Thursday, June 27, 2013

MAGNUSSON-GROSSMAN, GRETA: A Pioneering Modernist (c) By Polly Guerin

Greta Magnusson Grossman
In the hallmark of women designers of the Deco era, Swedish born, Greta Magnusson Grossman’s work may never have achieved the same level of fame as that of many of her contemporaries, but she was a woman determined to succeed in a world dominated by men. A Swedish furniture designer and architect her work appeared alongside other midcentury greats such as Charles and Ray Eames and her prolific oeuvre continues to attract a loyal following. She designed in diverse genres with achievements in industrial design, interior design and architecture. Later in life she received two prestigious Good Design Awards from MoMA, the Museum of Modern Art in New York City, and yet for a time she faded into relative obscurity, until now, as some of her iconic pieces are being brought back into production.  
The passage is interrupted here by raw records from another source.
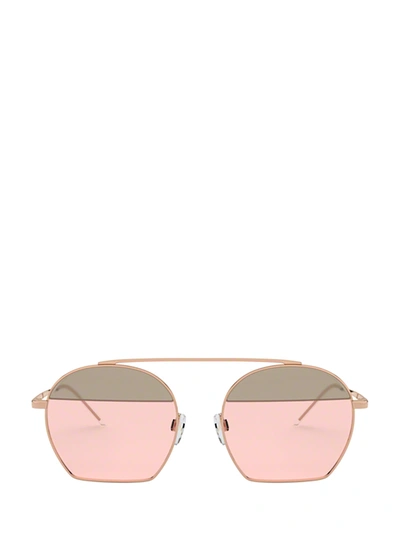 Emporio Armani Ea2086 Shiny Rose Gold Female Sunglasses In Pink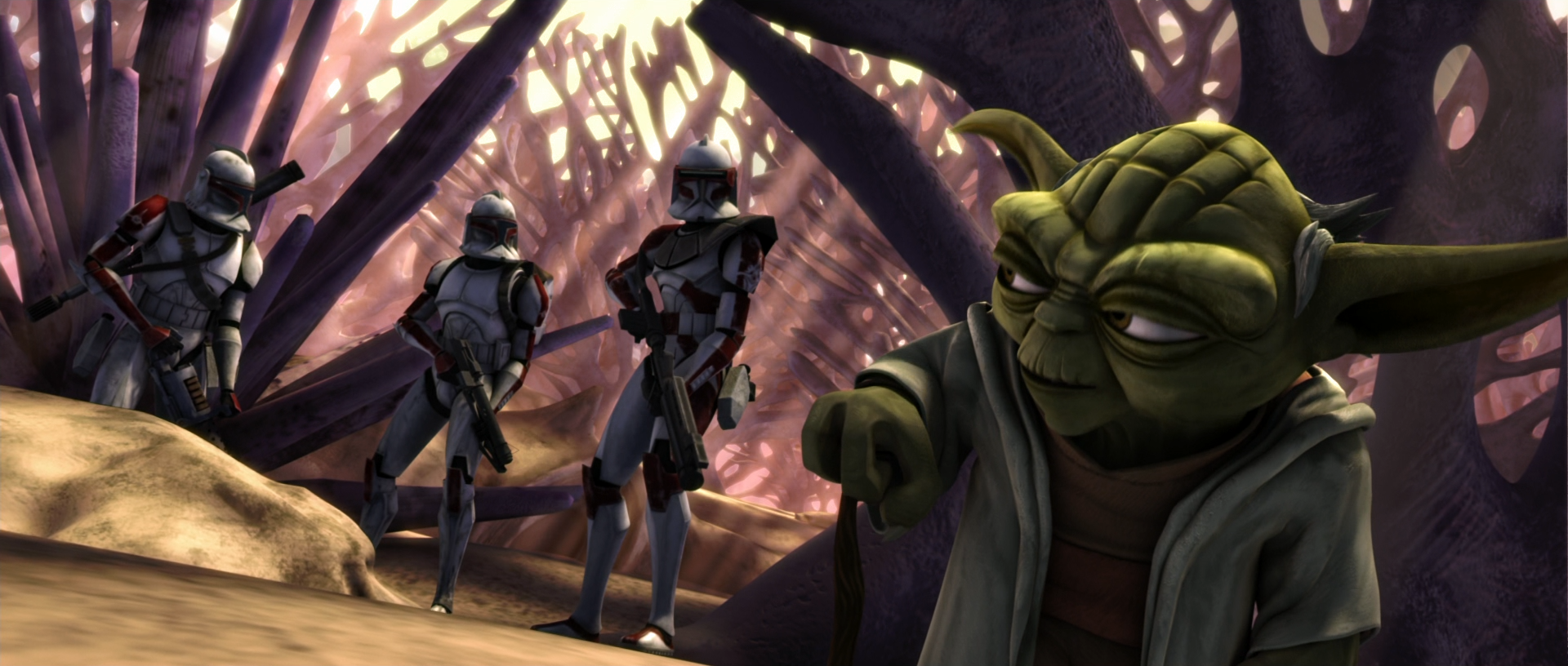 Rys traveled to Rugosa with Yoda, Thire, and Jek on a mission for the Republic.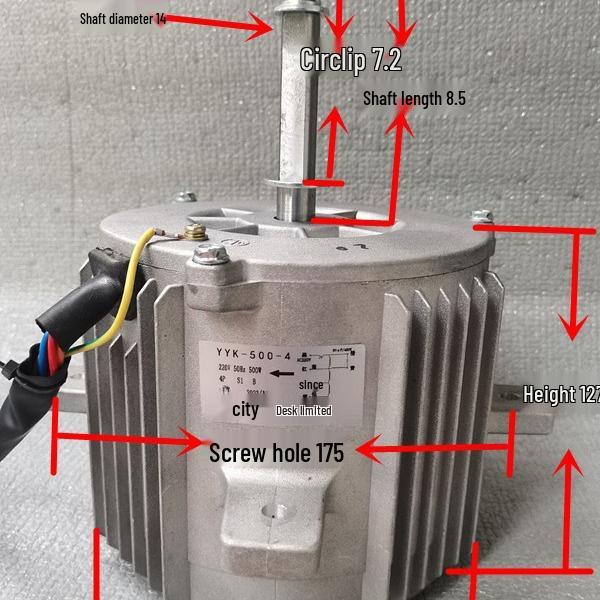 Evaporative Cooler Motor YYK-500-4, YYF140-250-4, YYF-200-4, YYF140-390-4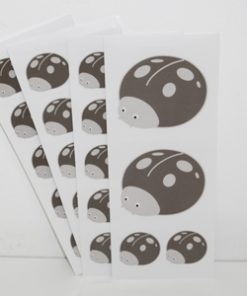 sticker coccinelle taupe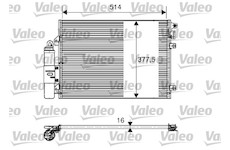 Kondenzátor, klimatizace VALEO 817827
SUCCESS IN SWEDEN In 1930 Greta opened her first store/workshop called
American Modern: Lightweight Furniture
“Studio” in Stockholm with classmate Erik Ullrich, where she took numerous commissions, including a crib for Sweden’s Princess Birgitta.  Accolades and recognition poured in and she became the first woman to receive a prize for furniture design from the Swedish Society of Industrial Design. Greta’s success followed her to California and by this time she had married jazz bandleader Billy Grossman. Greta opened her second shop, Magnusson-Grossman Studio, on Rodeo Drive in Los Angeles. Her shop with its avant guard design appealed to the rich and famous and  became  popular with design cognoscenti and stars of the silver screen like Greta Garbo, Joan Fontaine and Gracie Allen . 
WEIGHTLESS DESIGN Celebrities were not her main clients. Grossman’s compact, functional and visually lightweight modern aesthetic appealed to a previously ignored, but every-growing demographic: single, savvy, career-minded women. Her walnut and iron desk for Glenn of California, an icon of California modern, reflects Greta’s ability to mix heavy materials in designs that seem weightless; even a box for supplies appears to float above the work surface.  Some pieces, like her Cobra Lamp has recently been brought back into production by Gubi.  Among her clients were several famous furniture companies, including Barker Brothers and Ralph O. Smith &Co. and Glenn of California.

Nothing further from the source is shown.